Record set:
####################

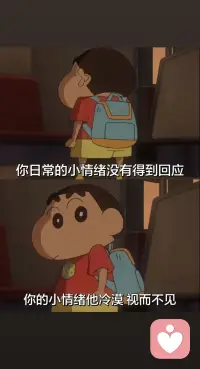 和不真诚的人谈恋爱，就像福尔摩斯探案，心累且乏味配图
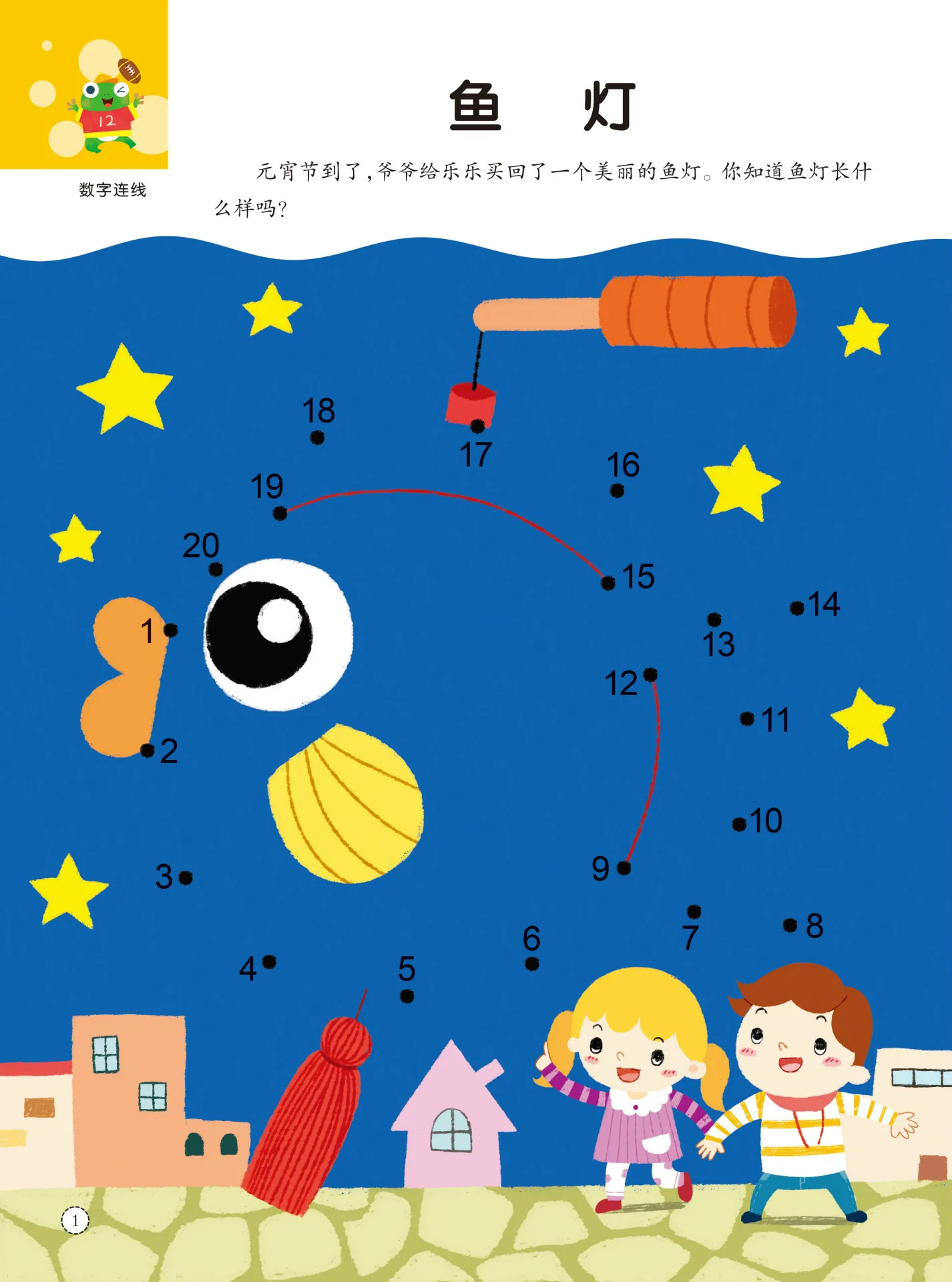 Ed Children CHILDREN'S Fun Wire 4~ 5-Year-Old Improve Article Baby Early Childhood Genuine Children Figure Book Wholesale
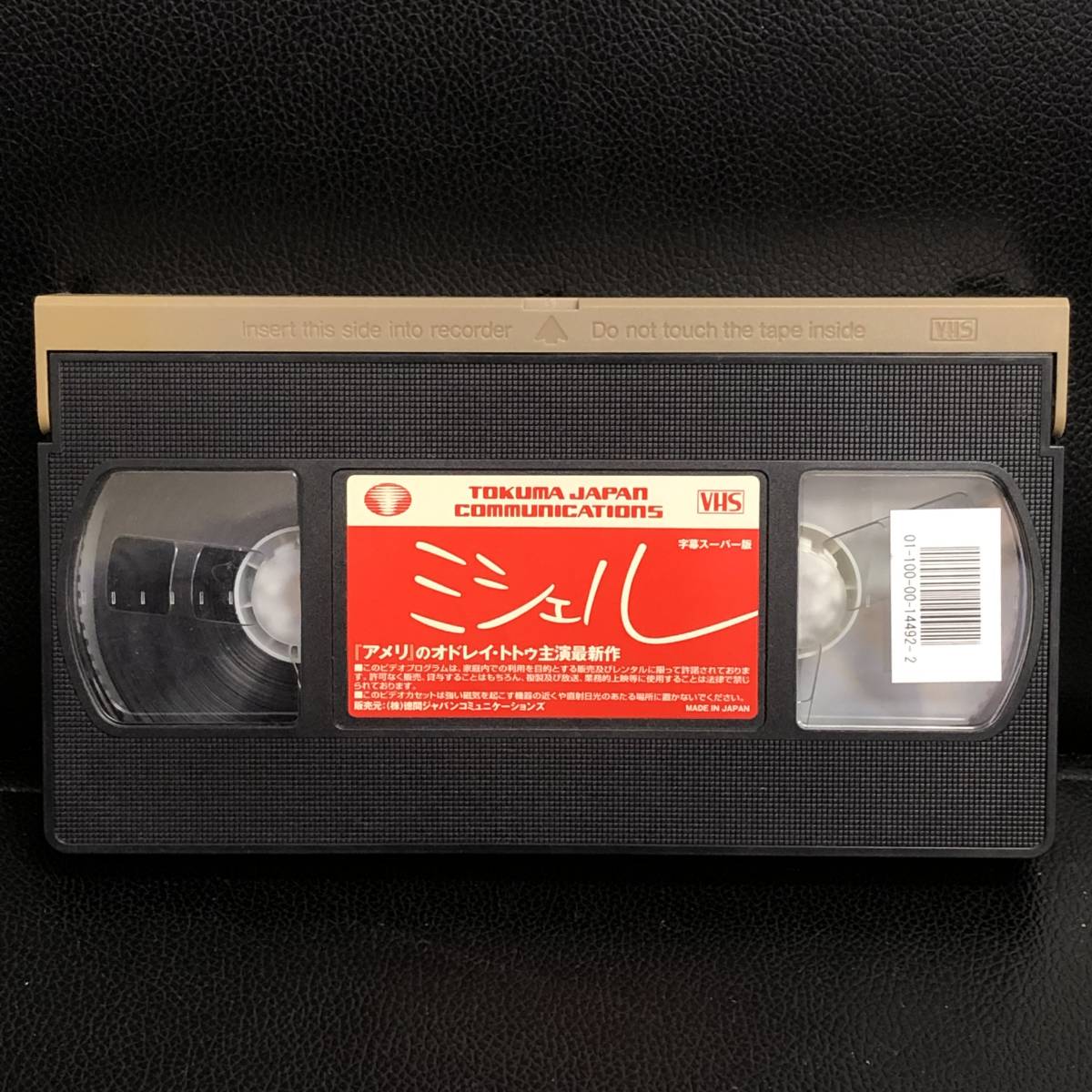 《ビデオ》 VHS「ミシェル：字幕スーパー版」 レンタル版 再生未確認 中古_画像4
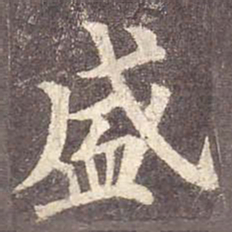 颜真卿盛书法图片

####################

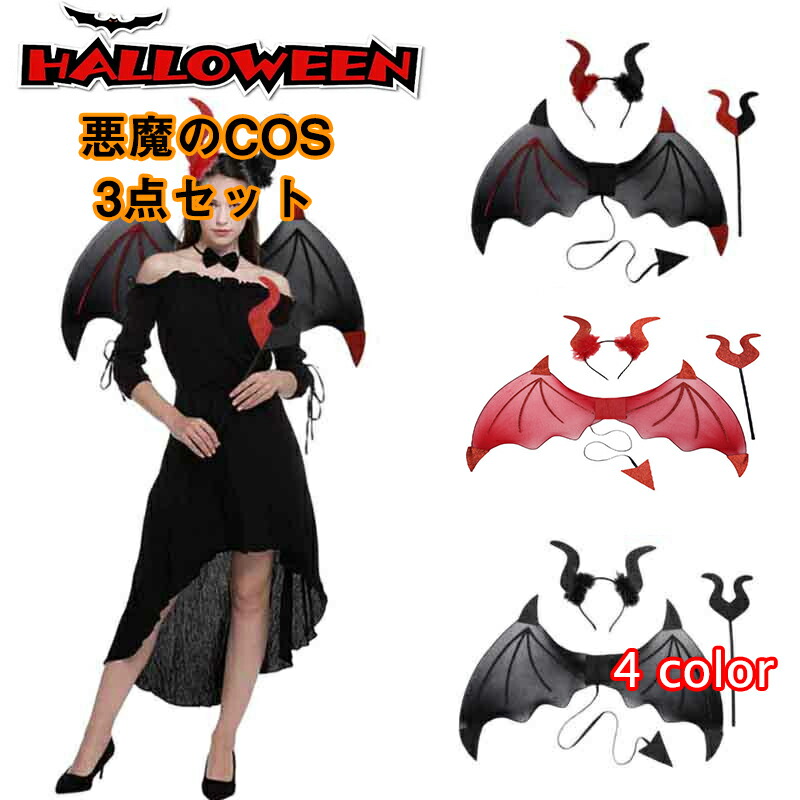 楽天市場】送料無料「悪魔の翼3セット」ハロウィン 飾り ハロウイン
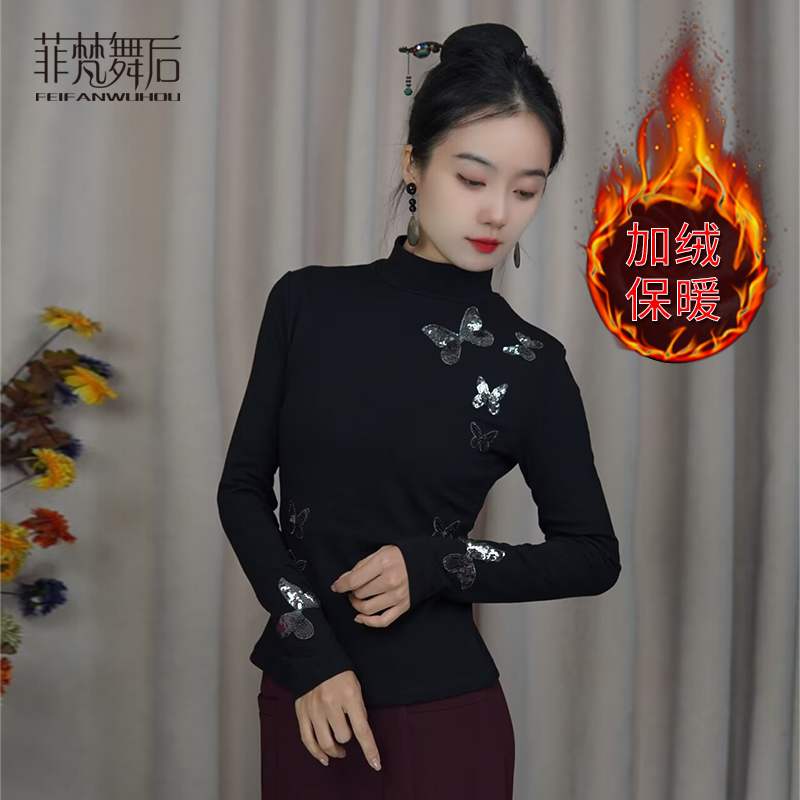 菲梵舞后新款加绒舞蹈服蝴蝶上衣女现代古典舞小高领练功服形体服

####################

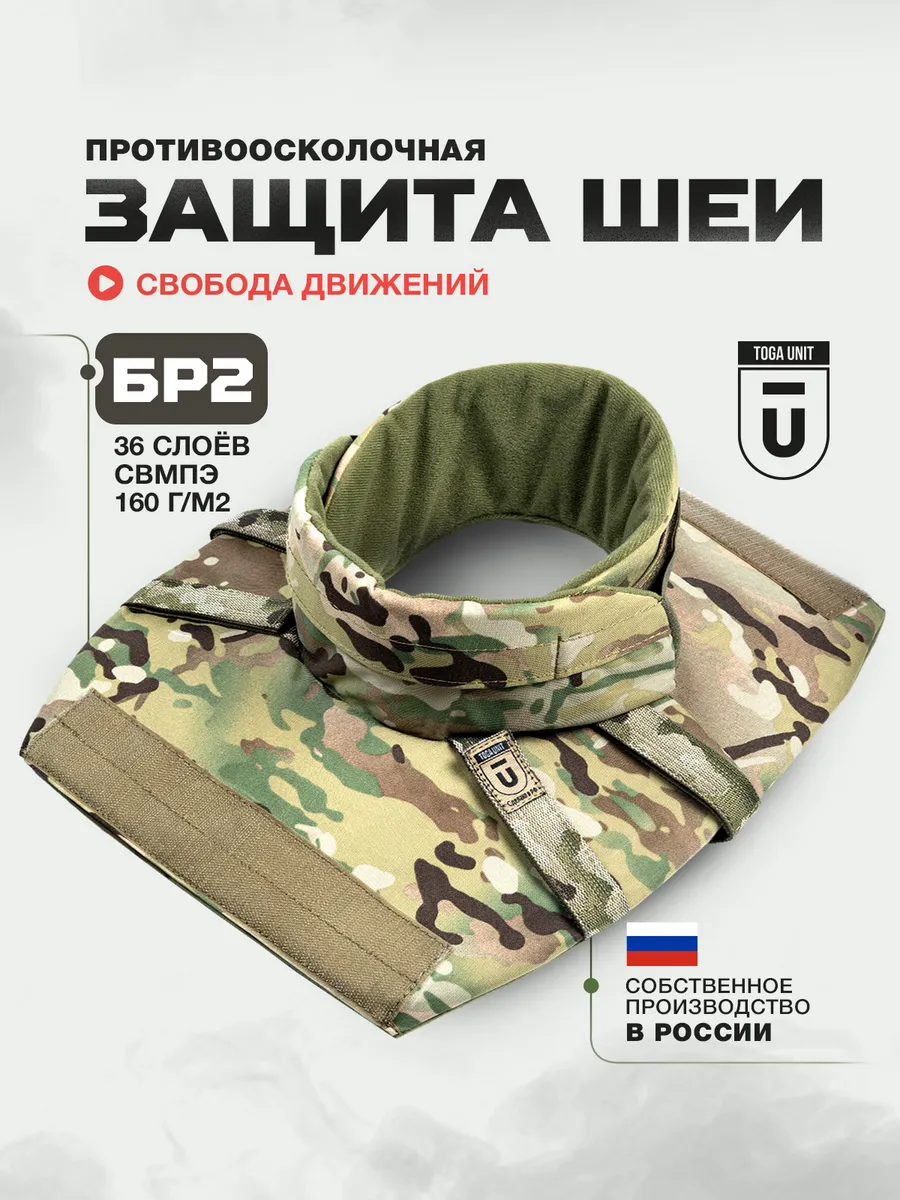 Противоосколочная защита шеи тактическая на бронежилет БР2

####################

What the exercise asks: Take the material above from the line containing "楽天市場】送料無料「悪魔の翼3セット」ハロウィン 飾り ハロウイン" up to and including the line containing "菲梵舞后新款加绒舞蹈服蝴蝶上衣女现代古典舞小高领练功服形体服" and retype it exactly, without any pictures.

Result for this task:
 楽天市場】送料無料「悪魔の翼3セット」ハロウィン 飾り ハロウイン
 菲梵舞后新款加绒舞蹈服蝴蝶上衣女现代古典舞小高领练功服形体服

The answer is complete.